* **Brief**
Return an exact copy of the lines from the one holding "Gebraucht Opel Mokka" to the end of the data, including both the starting and final lines. Leave the pictures out.

Caption-style text data:
++++++++++

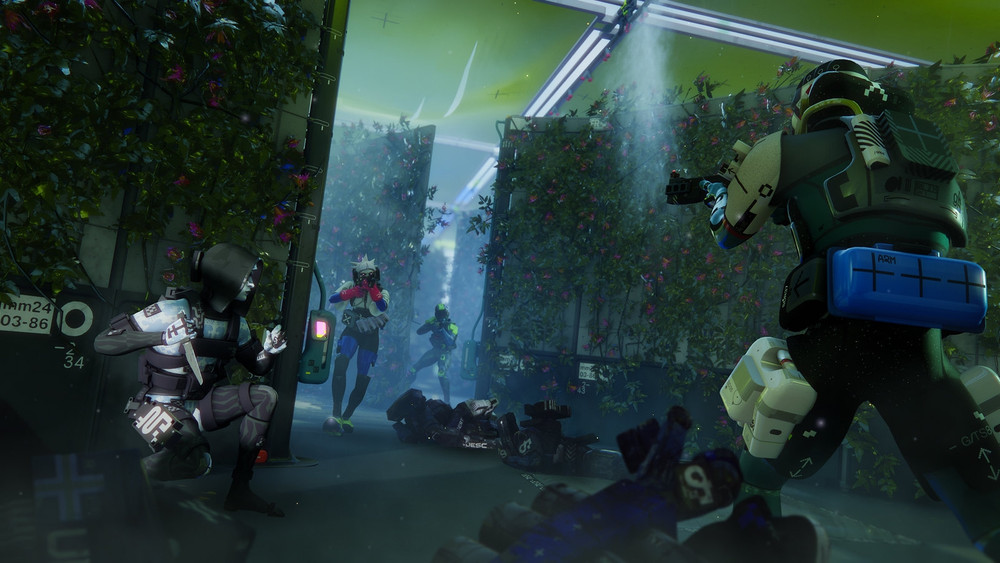 Goclecd's tweet image. Marathon listé sur PS4 et Xbox One par l'ESRB !

Alors que le jeu sort AUJOURD'HUI sur next-gen et PC, les fans se demandent si un portage surprise sur l'ancienne génération est en préparation.

#MarathonGame #Bungie #GamingLeak #ESRB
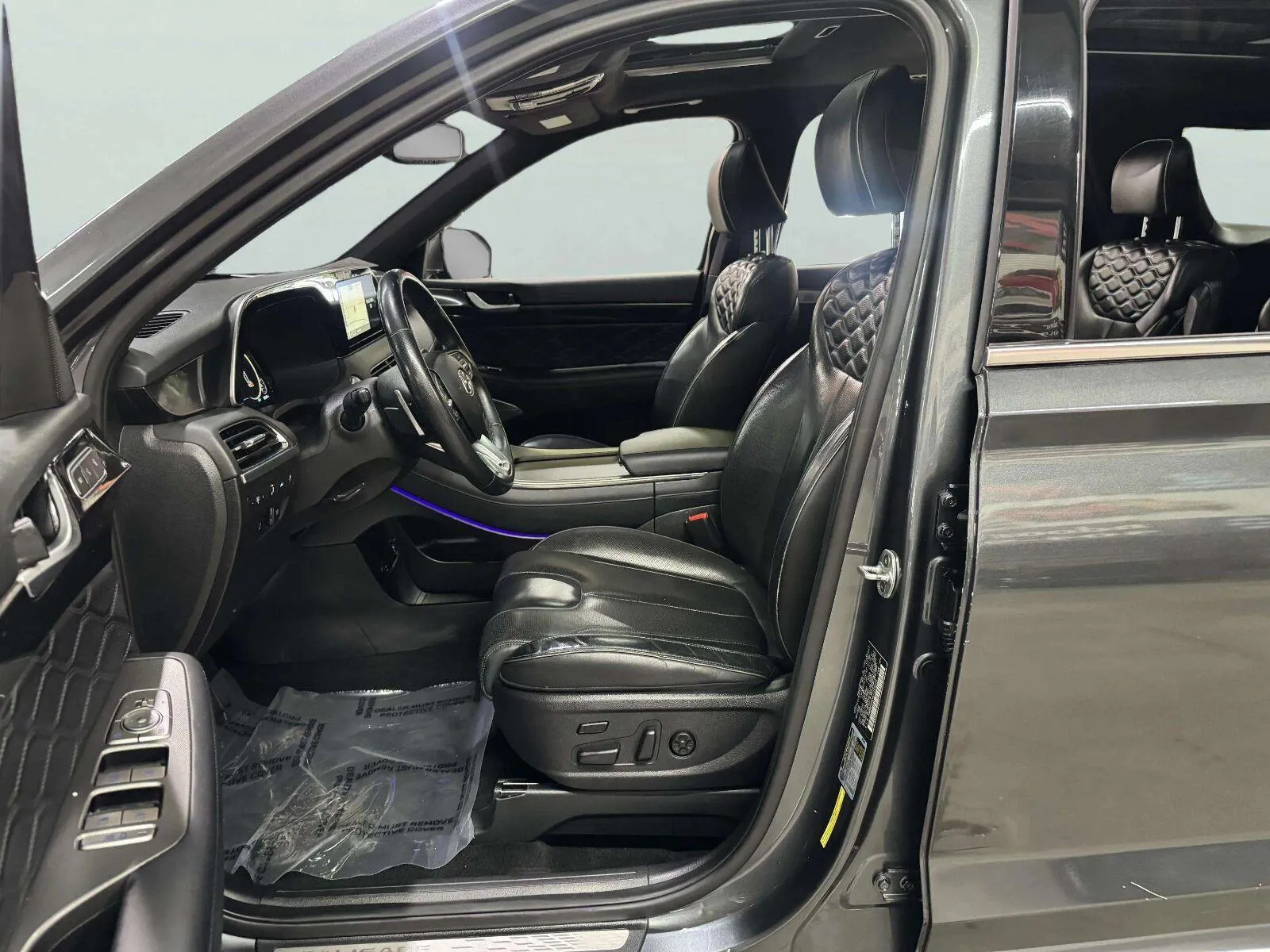 Hyundai Palisade photo 21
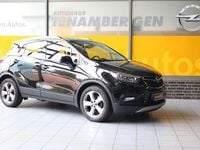 Gebraucht Opel Mokka X 120 PS (88 kW) 2019 Onyx schwarz SUV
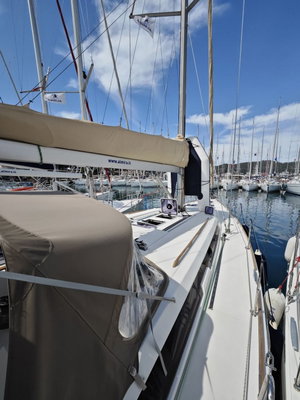 Dufour 450 GL „Grace“ – fotka 3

++++++++++

* **Solved problem**
 Gebraucht Opel Mokka X 120 PS (88 kW) 2019 Onyx schwarz SUV
 Dufour 450 GL „Grace“ – fotka 3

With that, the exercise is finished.